Call variants with samtools 1.0
Call chr21 variants from newly mapped BAM data using samtools (htslib) and bcftools (htslib) OR varscan2
- 1 Introduction
- 2 Workflow
- 2.1 Map reads to the reference genome
- 2.2 Clean the mapping data from mate errors
- 2.3 Call variants with 'samtools mpileup' & 'bcftools'
- 2.4 Call with 'samtools mpileup' & 'Varscan2'
- 3 Comparing BWA & Bowtie2 results
- 4 Conclusion
This page content is largely inspired from the official htslib page and is dedicated to one single step in the variant analysis workflow and to the recently released new version of Samtols based on the htslib. Commands presented here will differ from former commands using samtools until version 0.19 which was based on other C libraries. When calling several genomes together (replicates, family members, or patient control cohorts), the commands can be adapted by providing several BAM files. The call from several genomes should be done simultaneously in order to include full call information across all input genomes (no-calls, ref-calls, half-calls).
Map reads to the reference genome
We chose to take only chr21 reads for this experiment in order to speed up the process while retaining full genome as a reference.
This part is not detailed here in order to come to the point. Both BWA and Bowtie2 were used with standard parameters to generate a SAM file for each mapper. The mapping was performed on a Centos computer with 8 threads and a maximum of 4GB RAM to provide material reproducible by the average user.
|BWA monitoring||Bowtie2 monitoring|
Time recording of each mapping returned values reproduced here as reference and showing no speed advantage for Bowtie with ~15min for bwa and 17 min for bowtie2. This is in contradiction to what has been reported by others using older versions of both BWA and Bowtie.
Clean the mapping data from mate errors
clean up read pairing information and flags and sort
Samtools mpileup needs the BAM file be position-sorted instead of unsorted or read-name-sorted as obtained from some processing tools like Picard. The following command will sort a BAM files to comply. Furthermore, data obtained from bowtie or BWA may have issues with mated reads. It is best to fix these potential issues now.
# sort reads by name required by the next command samtools sort -n -m 12G -@ 8 -O bam -T </tmp/sort1> -o <name-sorted.bam> <mapped-reads.sam> # fix mate information and output to bam samtools fixmate -O bam <name-sorted.bam> <fixmate.bam> # sort the bam data by position samtools sort -m 12G -@ 8 -O bam -T </tmp/sort2> -o <pos-sorted.bam> <fixmate.bam>
Evaluate the data with 'samtools flagstat' during the cleaning process
Nothing changed during the fixmate process which is a good thing.
Mark duplicates using Picard tools
Read duplicates (PCR duplicates) can arise from excessive PCR amplification of the sequencing library.
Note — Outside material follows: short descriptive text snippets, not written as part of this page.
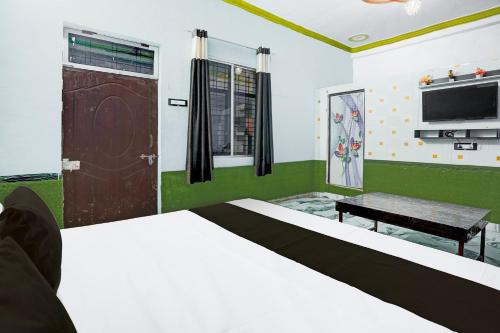 Bhongaon Hotel | Hotel O J.B. HOTEL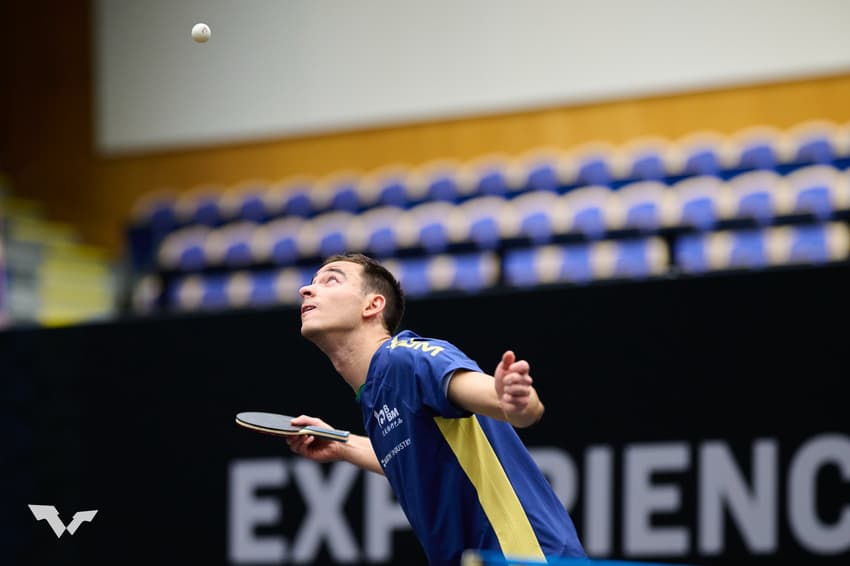 Hugo Calderano na vitória na estreia na Suécia (WTT/Divulgação)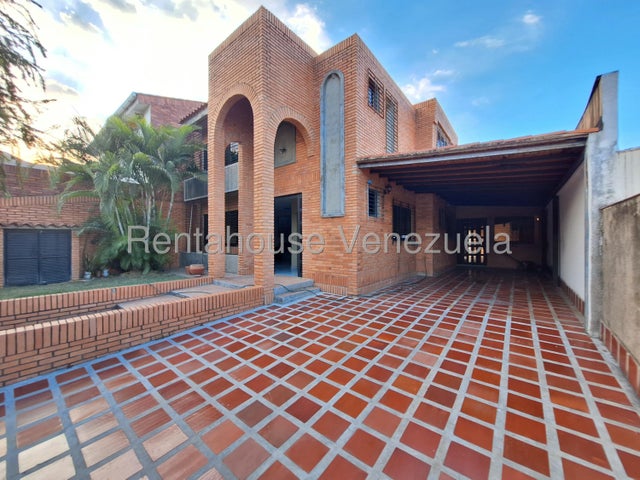 26-17631 Casa en Venta cuenta con 357,23 mtrs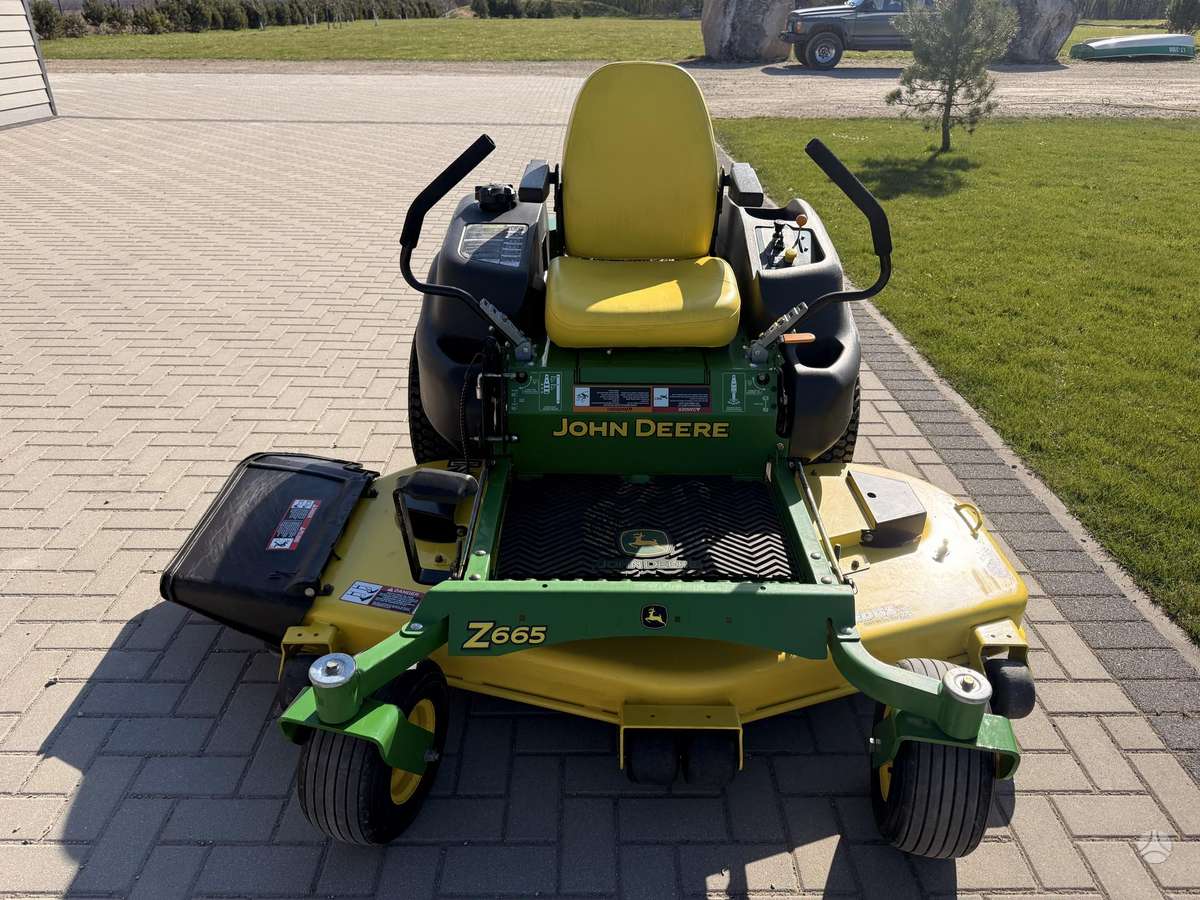 John Deere Z665, garden tractors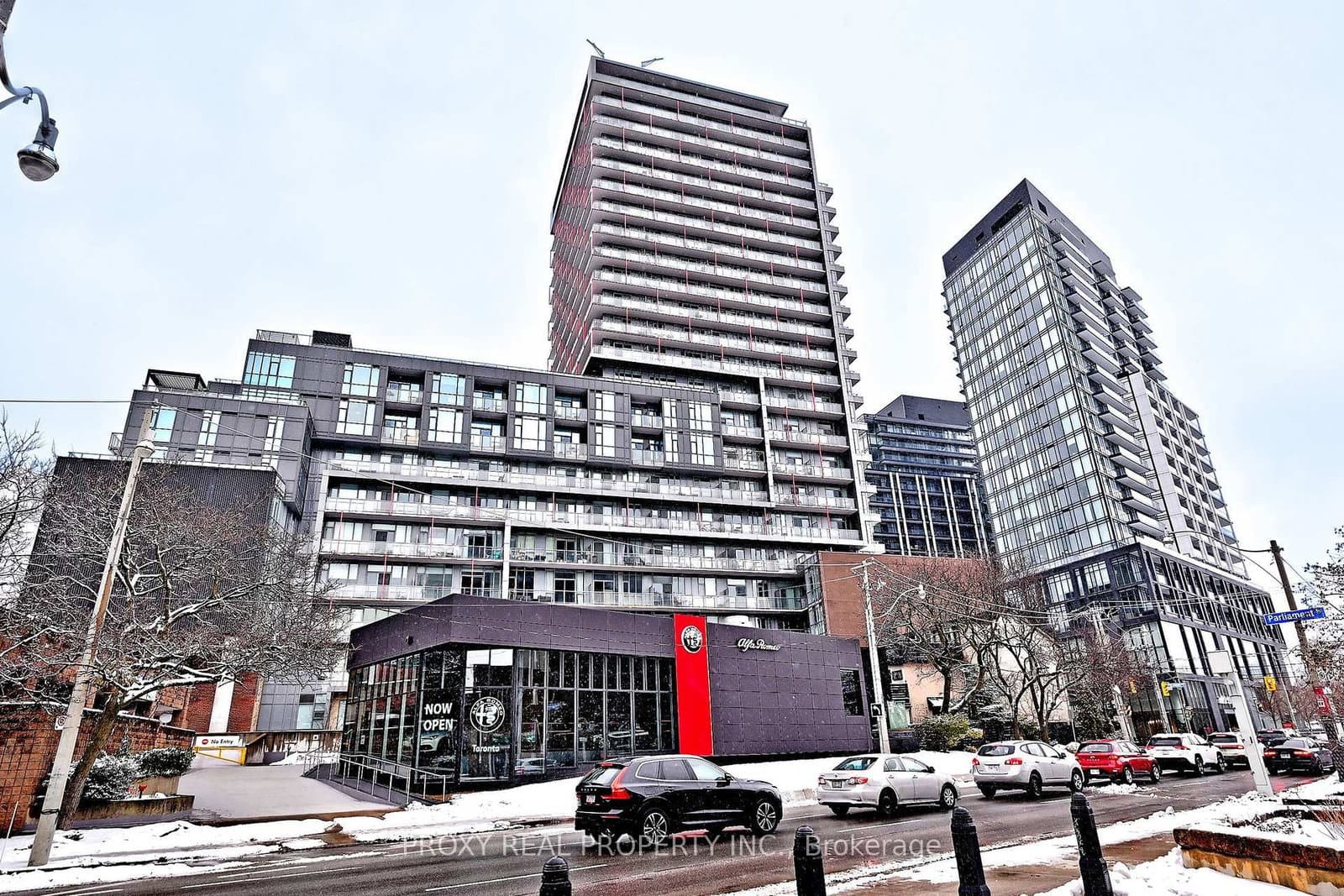 #1605 - 120 Parliament Street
Similarly, optical duplicates can result from re-scanning the same read cluster on the Illumina chip and create distinct read entries from the same physical spot. Both types of duplicates contribute to the amplification of sequencing error and create false positive calls and should best be 'marked' (but not removed) before proceeding with the analysis. Duplicate marking can be done using several existing tools but most often with Picard (here Picard version 119).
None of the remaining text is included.